> **Input data**:
-------
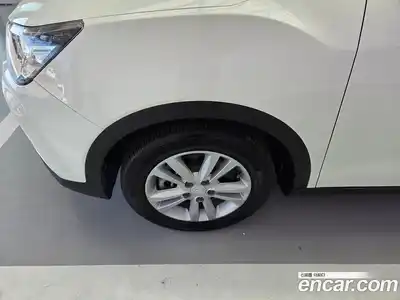 SsangYong TIBOLI 2018 1.6 автомат (гидро), миниатюра 8
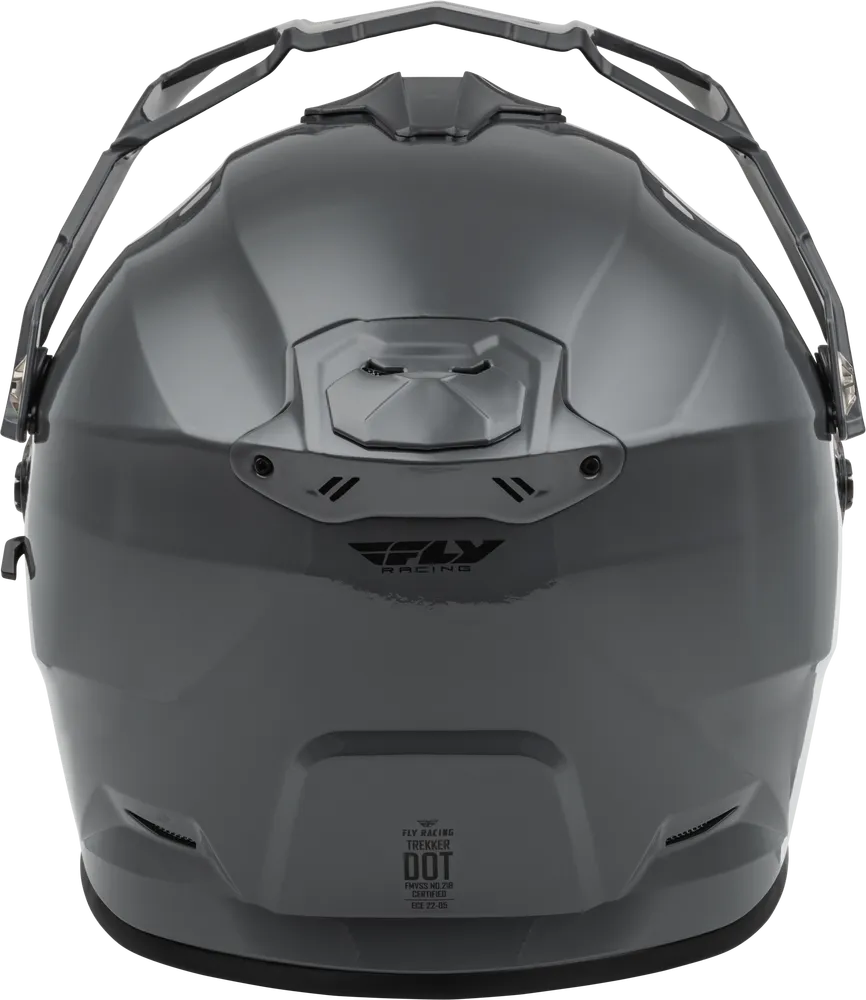 Fly Racing Trekker Cold Weather Snow ATV Off-Road Motorcycle Helmet
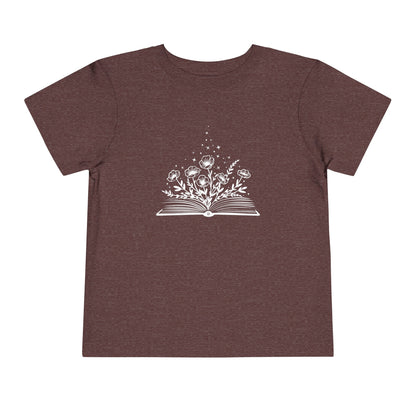 Beauty Within Toddler Tee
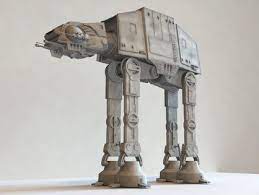 At At Walker Star Wars Free 3d Model At At Walker 3d Model Walker Star Wars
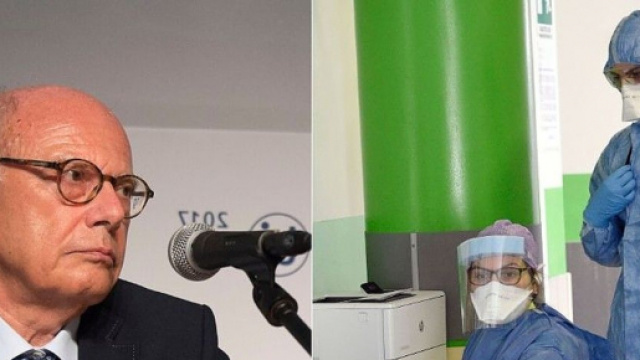 I dubbi di Massimo Galli sugli effetti dell'ultimo Dpcm.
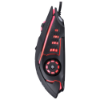 Imagem de Mouse Gamer Vinik Vx Gaming Galatica 2400 Dpi Led Vermelho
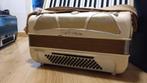 Accordeon te koop Hohner Lucia II, Muziek en Instrumenten, Accordeons, Ophalen, Gebruikt, 80-bas, Toetsaccordeon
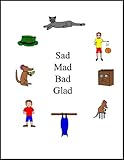 Sad Mad Bad Glad The Single Sound System Of Learning To Read Book 2 English Edition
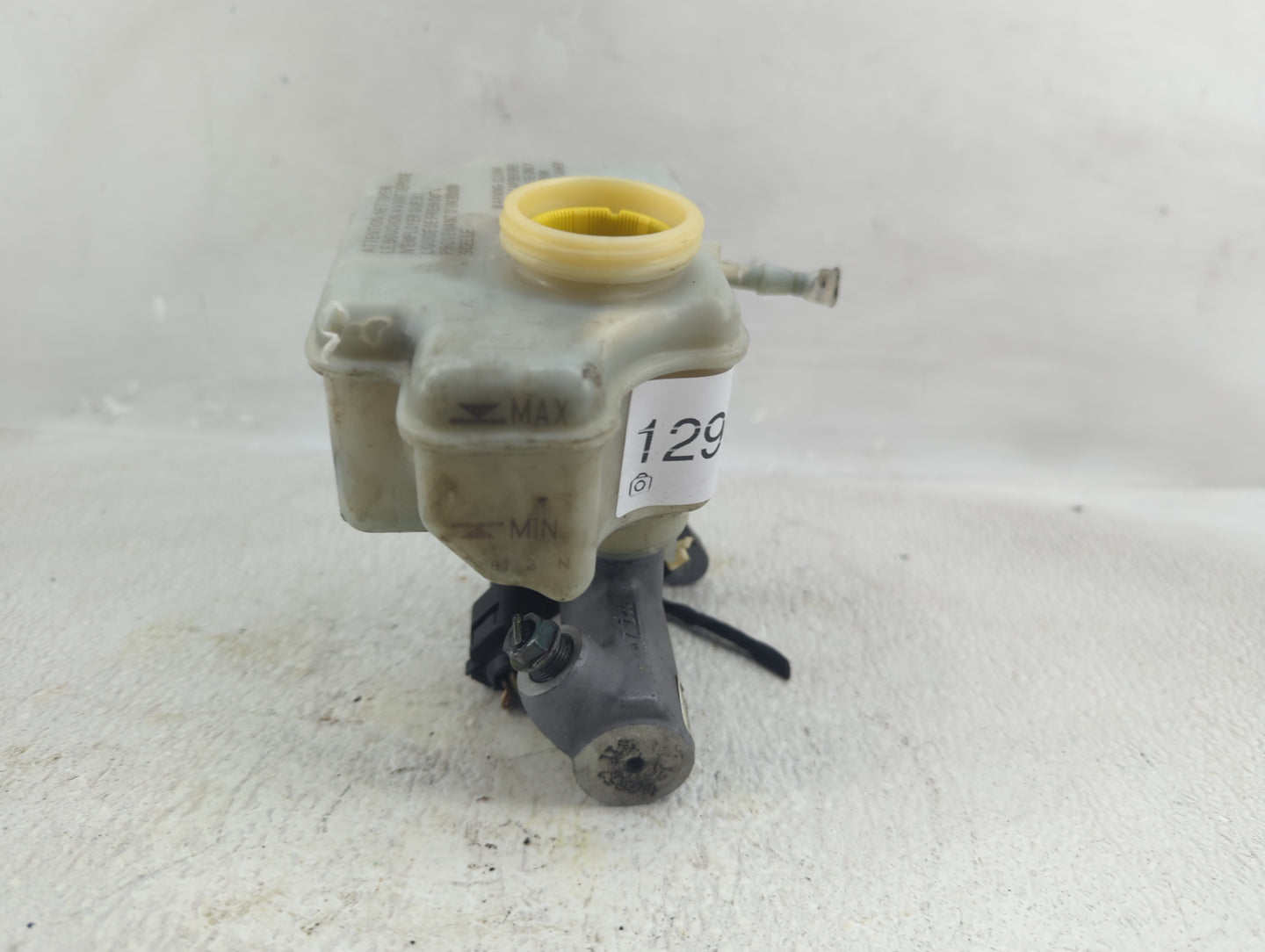 2006-2013 Audi A3 Power Brake Booster Oem - Oemusedautoparts1.com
-------
The copy should hold exactly the lines from the line containing "Beauty Within Toddler Tee" through the last line of the records, both included, and no pictures or other lines.

 Beauty Within Toddler Tee
 At At Walker Star Wars Free 3d Model At At Walker 3d Model Walker Star Wars
 I dubbi di Massimo Galli sugli effetti dell'ultimo Dpcm.
 Imagem de Mouse Gamer Vinik Vx Gaming Galatica 2400 Dpi Led Vermelho
 Accordeon te koop Hohner Lucia II, Muziek en Instrumenten, Accordeons, Ophalen, Gebruikt, 80-bas, Toetsaccordeon
 Sad Mad Bad Glad The Single Sound System Of Learning To Read Book 2 English Edition
 2006-2013 Audi A3 Power Brake Booster Oem - Oemusedautoparts1.com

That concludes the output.